* DESCRIPTION OF THE TASK *
One part of the entries below is wanted: the lines from the one containing "下午入住的一位朋友，休息了几" through the one containing "New 2026 Midnight". Write those out exactly and nothing else.

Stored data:
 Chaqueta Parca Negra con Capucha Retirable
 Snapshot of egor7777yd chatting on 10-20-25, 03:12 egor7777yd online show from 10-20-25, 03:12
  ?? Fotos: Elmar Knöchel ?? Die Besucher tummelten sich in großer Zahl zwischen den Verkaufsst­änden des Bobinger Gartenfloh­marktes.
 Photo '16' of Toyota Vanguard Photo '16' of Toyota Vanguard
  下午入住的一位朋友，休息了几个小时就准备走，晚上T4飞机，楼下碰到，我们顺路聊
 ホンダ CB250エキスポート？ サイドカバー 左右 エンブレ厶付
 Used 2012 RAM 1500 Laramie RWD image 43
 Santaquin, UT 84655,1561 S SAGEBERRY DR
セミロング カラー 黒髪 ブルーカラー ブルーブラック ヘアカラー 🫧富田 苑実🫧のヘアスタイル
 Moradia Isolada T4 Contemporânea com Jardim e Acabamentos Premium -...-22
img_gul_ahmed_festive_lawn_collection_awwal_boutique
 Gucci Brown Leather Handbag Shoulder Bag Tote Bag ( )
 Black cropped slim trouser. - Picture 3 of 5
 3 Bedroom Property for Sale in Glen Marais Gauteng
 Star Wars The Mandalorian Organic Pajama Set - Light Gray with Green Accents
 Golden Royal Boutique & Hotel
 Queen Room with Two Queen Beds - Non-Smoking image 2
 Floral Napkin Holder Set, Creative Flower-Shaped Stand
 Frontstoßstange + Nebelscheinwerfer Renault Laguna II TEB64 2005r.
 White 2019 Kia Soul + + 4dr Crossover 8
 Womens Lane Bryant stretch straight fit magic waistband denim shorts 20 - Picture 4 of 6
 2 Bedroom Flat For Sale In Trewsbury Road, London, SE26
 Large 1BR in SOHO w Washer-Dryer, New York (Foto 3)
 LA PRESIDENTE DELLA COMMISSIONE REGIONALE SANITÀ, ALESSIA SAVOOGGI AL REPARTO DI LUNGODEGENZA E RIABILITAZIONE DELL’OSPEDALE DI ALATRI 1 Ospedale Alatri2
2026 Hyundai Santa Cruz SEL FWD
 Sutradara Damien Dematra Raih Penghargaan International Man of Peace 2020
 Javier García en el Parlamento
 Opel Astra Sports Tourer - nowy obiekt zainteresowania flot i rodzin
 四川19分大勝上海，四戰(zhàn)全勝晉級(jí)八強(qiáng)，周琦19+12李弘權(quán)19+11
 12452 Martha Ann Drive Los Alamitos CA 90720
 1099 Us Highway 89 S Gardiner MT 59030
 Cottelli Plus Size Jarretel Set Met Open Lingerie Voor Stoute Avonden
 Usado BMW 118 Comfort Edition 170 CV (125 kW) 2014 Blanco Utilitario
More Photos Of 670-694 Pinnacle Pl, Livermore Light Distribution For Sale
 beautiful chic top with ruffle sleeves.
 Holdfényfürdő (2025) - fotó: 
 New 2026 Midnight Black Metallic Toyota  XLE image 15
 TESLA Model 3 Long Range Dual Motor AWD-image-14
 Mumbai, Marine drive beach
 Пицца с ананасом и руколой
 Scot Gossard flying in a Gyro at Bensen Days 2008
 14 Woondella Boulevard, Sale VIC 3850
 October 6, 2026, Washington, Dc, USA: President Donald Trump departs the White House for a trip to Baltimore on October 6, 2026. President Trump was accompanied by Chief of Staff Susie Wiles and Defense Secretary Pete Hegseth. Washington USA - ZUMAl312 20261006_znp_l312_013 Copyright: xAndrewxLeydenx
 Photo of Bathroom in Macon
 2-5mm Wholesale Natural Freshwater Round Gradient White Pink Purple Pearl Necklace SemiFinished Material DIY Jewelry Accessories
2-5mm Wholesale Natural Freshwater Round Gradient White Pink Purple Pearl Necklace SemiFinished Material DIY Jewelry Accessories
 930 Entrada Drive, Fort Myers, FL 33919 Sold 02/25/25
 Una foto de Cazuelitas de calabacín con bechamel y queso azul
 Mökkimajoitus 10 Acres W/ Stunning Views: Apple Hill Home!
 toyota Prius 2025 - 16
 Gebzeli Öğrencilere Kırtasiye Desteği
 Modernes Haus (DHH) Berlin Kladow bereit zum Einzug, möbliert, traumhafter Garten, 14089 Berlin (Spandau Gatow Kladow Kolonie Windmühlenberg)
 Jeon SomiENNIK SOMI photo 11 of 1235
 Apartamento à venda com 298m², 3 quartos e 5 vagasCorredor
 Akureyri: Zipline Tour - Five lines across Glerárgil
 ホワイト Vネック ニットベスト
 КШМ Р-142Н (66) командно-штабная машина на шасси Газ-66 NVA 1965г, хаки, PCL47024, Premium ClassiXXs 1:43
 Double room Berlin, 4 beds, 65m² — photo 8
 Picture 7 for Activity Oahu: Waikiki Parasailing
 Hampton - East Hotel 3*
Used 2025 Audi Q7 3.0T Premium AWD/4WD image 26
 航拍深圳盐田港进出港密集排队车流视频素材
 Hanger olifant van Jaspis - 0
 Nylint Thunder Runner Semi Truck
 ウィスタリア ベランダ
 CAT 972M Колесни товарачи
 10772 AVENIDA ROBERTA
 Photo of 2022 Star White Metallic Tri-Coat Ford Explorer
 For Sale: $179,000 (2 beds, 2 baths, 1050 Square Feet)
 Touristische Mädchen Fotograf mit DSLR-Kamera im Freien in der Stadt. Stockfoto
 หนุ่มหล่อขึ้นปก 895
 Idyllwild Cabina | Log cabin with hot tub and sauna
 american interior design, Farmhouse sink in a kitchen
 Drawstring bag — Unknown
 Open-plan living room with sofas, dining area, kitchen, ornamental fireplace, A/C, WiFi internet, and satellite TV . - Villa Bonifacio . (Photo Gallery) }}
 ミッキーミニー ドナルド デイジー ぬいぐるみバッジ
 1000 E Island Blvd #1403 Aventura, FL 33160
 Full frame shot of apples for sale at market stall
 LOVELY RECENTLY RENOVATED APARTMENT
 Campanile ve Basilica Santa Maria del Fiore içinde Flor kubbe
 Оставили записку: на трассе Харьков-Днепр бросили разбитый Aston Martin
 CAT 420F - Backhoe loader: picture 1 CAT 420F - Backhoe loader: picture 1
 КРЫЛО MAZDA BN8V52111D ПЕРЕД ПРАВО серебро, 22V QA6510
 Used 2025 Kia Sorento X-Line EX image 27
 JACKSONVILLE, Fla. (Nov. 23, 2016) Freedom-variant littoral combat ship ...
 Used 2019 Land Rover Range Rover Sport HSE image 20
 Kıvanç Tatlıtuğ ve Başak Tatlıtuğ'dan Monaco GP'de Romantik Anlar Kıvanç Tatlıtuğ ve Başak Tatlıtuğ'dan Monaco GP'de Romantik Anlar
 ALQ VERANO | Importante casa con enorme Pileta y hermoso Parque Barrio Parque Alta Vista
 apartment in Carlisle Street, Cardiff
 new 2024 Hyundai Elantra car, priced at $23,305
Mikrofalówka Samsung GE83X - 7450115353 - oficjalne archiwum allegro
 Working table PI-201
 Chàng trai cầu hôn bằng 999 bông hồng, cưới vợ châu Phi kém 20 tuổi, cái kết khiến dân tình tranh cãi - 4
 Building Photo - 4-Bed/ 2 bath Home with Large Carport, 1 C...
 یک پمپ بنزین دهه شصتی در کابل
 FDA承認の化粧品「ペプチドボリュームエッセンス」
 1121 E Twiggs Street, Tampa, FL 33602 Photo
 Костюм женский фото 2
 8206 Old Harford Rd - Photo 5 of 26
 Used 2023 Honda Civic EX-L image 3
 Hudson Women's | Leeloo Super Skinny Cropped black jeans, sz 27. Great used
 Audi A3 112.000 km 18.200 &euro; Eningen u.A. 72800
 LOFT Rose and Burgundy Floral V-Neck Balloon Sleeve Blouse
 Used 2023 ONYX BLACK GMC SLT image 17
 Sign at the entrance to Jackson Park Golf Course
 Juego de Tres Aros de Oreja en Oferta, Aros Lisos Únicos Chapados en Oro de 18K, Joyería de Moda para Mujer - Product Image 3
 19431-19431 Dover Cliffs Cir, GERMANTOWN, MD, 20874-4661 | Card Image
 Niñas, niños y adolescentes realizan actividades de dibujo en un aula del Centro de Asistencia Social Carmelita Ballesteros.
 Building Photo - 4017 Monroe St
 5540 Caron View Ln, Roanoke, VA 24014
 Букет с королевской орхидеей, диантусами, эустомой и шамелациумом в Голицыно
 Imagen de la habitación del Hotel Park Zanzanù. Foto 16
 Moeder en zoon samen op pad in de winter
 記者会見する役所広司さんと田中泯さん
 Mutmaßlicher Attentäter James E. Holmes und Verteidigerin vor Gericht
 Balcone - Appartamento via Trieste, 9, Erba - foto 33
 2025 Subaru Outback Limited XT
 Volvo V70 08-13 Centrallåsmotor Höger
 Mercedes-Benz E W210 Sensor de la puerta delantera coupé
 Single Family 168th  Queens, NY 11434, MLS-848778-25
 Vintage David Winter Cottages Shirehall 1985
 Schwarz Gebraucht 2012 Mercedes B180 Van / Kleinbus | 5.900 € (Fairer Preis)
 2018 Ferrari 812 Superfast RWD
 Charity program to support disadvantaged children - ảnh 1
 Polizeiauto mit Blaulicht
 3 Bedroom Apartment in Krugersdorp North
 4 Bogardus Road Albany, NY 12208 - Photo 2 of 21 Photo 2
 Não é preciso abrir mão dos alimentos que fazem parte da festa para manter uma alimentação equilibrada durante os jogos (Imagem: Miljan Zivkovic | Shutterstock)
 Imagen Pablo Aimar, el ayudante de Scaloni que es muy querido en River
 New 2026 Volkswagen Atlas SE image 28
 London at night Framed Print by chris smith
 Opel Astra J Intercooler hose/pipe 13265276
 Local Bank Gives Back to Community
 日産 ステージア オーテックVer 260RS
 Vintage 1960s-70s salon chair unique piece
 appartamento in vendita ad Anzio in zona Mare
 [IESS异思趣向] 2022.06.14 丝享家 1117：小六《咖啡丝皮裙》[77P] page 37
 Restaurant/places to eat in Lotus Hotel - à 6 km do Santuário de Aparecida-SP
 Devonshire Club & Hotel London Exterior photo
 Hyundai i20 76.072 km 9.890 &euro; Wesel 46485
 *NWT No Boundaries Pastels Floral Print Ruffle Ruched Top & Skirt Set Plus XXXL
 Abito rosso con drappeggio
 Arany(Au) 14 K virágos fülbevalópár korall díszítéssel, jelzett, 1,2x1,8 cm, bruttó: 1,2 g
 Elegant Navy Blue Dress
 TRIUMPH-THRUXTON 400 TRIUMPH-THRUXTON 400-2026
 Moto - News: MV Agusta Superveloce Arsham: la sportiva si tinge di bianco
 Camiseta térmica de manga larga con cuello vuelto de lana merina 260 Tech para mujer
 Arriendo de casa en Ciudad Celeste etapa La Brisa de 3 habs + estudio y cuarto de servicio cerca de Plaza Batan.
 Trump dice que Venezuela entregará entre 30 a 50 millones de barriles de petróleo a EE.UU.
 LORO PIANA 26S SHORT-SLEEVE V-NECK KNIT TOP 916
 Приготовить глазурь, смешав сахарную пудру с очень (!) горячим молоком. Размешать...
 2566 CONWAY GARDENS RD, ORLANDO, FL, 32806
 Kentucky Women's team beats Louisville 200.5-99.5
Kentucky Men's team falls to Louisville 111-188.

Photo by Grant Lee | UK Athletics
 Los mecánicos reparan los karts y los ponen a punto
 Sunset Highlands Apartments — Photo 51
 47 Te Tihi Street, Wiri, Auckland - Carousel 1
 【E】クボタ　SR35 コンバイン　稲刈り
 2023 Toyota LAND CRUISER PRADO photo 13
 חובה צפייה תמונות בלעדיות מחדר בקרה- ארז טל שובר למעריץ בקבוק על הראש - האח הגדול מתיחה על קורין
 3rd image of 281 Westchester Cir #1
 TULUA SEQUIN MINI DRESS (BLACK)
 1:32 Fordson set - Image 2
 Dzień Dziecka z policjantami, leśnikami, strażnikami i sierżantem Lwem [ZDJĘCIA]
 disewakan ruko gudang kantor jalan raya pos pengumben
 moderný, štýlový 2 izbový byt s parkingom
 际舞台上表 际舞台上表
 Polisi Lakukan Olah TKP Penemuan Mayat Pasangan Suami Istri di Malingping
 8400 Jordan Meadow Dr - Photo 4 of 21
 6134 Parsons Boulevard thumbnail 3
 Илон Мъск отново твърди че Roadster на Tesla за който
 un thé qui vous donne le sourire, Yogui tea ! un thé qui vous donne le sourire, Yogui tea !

* ANSWER FOR THIS EXERCISE *
  下午入住的一位朋友，休息了几个小时就准备走，晚上T4飞机，楼下碰到，我们顺路聊
 ホンダ CB250エキスポート？ サイドカバー 左右 エンブレ厶付
 Used 2012 RAM 1500 Laramie RWD image 43
 Santaquin, UT 84655,1561 S SAGEBERRY DR
セミロング カラー 黒髪 ブルーカラー ブルーブラック ヘアカラー 🫧富田 苑実🫧のヘアスタイル
 Moradia Isolada T4 Contemporânea com Jardim e Acabamentos Premium -...-22
img_gul_ahmed_festive_lawn_collection_awwal_boutique
 Gucci Brown Leather Handbag Shoulder Bag Tote Bag ( )
 Black cropped slim trouser. - Picture 3 of 5
 3 Bedroom Property for Sale in Glen Marais Gauteng
 Star Wars The Mandalorian Organic Pajama Set - Light Gray with Green Accents
 Golden Royal Boutique & Hotel
 Queen Room with Two Queen Beds - Non-Smoking image 2
 Floral Napkin Holder Set, Creative Flower-Shaped Stand
 Frontstoßstange + Nebelscheinwerfer Renault Laguna II TEB64 2005r.
 White 2019 Kia Soul + + 4dr Crossover 8
 Womens Lane Bryant stretch straight fit magic waistband denim shorts 20 - Picture 4 of 6
 2 Bedroom Flat For Sale In Trewsbury Road, London, SE26
 Large 1BR in SOHO w Washer-Dryer, New York (Foto 3)
 LA PRESIDENTE DELLA COMMISSIONE REGIONALE SANITÀ, ALESSIA SAVOOGGI AL REPARTO DI LUNGODEGENZA E RIABILITAZIONE DELL’OSPEDALE DI ALATRI 1 Ospedale Alatri2
2026 Hyundai Santa Cruz SEL FWD
 Sutradara Damien Dematra Raih Penghargaan International Man of Peace 2020
 Javier García en el Parlamento
 Opel Astra Sports Tourer - nowy obiekt zainteresowania flot i rodzin
 四川19分大勝上海，四戰(zhàn)全勝晉級(jí)八強(qiáng)，周琦19+12李弘權(quán)19+11
 12452 Martha Ann Drive Los Alamitos CA 90720
 1099 Us Highway 89 S Gardiner MT 59030
 Cottelli Plus Size Jarretel Set Met Open Lingerie Voor Stoute Avonden
 Usado BMW 118 Comfort Edition 170 CV (125 kW) 2014 Blanco Utilitario
More Photos Of 670-694 Pinnacle Pl, Livermore Light Distribution For Sale
 beautiful chic top with ruffle sleeves.
 Holdfényfürdő (2025) - fotó: 
 New 2026 Midnight Black Metallic Toyota  XLE image 15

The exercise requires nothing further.